Конвей не отозвался на её улыбку. Он завел речь о том, что его беспокоило. Когда он кончил, установилась продолжительная тишина. Конвей с грустью наблюдал за тем, как молодая, очаровательная девушка принимает решение, которое, скорее всего, будет стоить ей жизни.
– Пожалуй, я останусь, – сказала она, как Конвей и предполагал. – Вы ведь тоже остаетесь?
– Пока не решил, – ответил он осторожно. – До окончания эвакуации я, разумеется, никуда не денусь. А потом... Было бы ради чего оставаться... Он предпринял последнюю попытку переубедить её. – Вам негде будет применить свои познания. Зато в других госпиталях ваш опыт окажется неоценимым...
Мэрчисон выпрямилась, смерила его взглядом и произнесла деловитым тоном медсестры, беседующей с непослушным больным:
– Из ваших слов я поняла, что завтра вам предстоит тяжелый день. Поэтому вам нужно как следует выспаться. Будьте любезны отправиться в свою каюту. – Внезапно голос её изменился, – Но если вы хотите меня проводить...
14
После того, как план эвакуации госпиталя был приведен в действие, дела пошли более-менее гладко. Пациенты не доставляли никаких хлопот: для них покидать госпиталь было в порядке вещей, просто сейчас обстоятельства были слегка драматичнее обычного. А вот эвакуацию медицинского персонала рутинной процедурой назвать было трудно. Больные относились к пребыванию в госпитале как к неприятному и в общем-то малозначительному эпизоду в жизни, а для врачей, медсестер и санитаров он и был жизнью. Впрочем, в первый день персонал тоже не выкидывал коленца. Все беспрекословно повиновались распоряжениям, быть может, оттого, что к тому побуждали состояние прострации и привычка. На второй день прострация сменилась возбуждением, посыпались вопросы и возражения, и тяжелее всех пришлось, естественно, доктору Конвею. На третий день он вынужден был связаться с О'Марой.

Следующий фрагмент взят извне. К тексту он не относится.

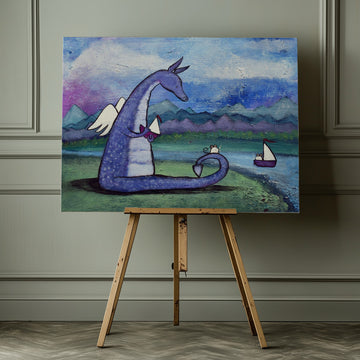 Whimsical Dragon And Friends | Canvas - Room Interior 1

– В чем дело?! – повторил он вопрос главного психолога. – Да в том, чтобы заставить это... сборище гениев проявить хоть капельку разума! И ведь чем толковее, тем настырнее! Возьмите Приликлу: яичная скорлупа на ножкак спичечках, а себе туда же – желает остаться! Или доктор Маннон… почти диагност, а ведет себя ничуть не лучше остальных. Он утверждает, что лечение исключительно людей будет для него чем-то вроде отдыха. А прочие приводят совершенно фантастические доводы. Растолкуйте им, сэр. Вы же главный психолог...
– Три четверги медицинского и обслуживающего персонала, – отозвался О'Мара, – владеют информацией, которая в случае, если они попадут в плен, может пригодиться нашему врагу. Поэтому все они должны быть эвакуированы, неважно, кто они там – диагносты, компьютерщики или младшие санитары. У них нет выбора. Кроме того, определенное количество врачей прикреплено к пациентам на время перелета. Что касается оставшихся, разбирайтесь сами: они – взрослые, разумные, здравомыслящие существа, которым не требуется мое вмешательство.
Конвей недоверчиво хмыкнул.
– Прежде чем подвергать сомнению здравомыслие других, – сказал О'Мара, – ответьте-ка на мой вопрос. Вы остаетесь?
– Ну... – протянул Конвей.
О'Мара отключился.
Конвей долю глядел на интерком. Он всё ещё колебался. Он знал, что натура у него отнюдь не героическая, и его так и подмывало бросить всё и бежать. Но он не мог покинуть своих друзей, ибо, если он улетит, а Мэрчисон, Приликла и прочие останутся, он не вынесет того, что они будут думать о нём. Быть может, они все считают, что он твёрдо вознамерился остаться и лишь притворяется, будто не собрался с мыслями, но на деле-то он просто трусит и лукавит перед друзьями, не желая признаваться в трусости.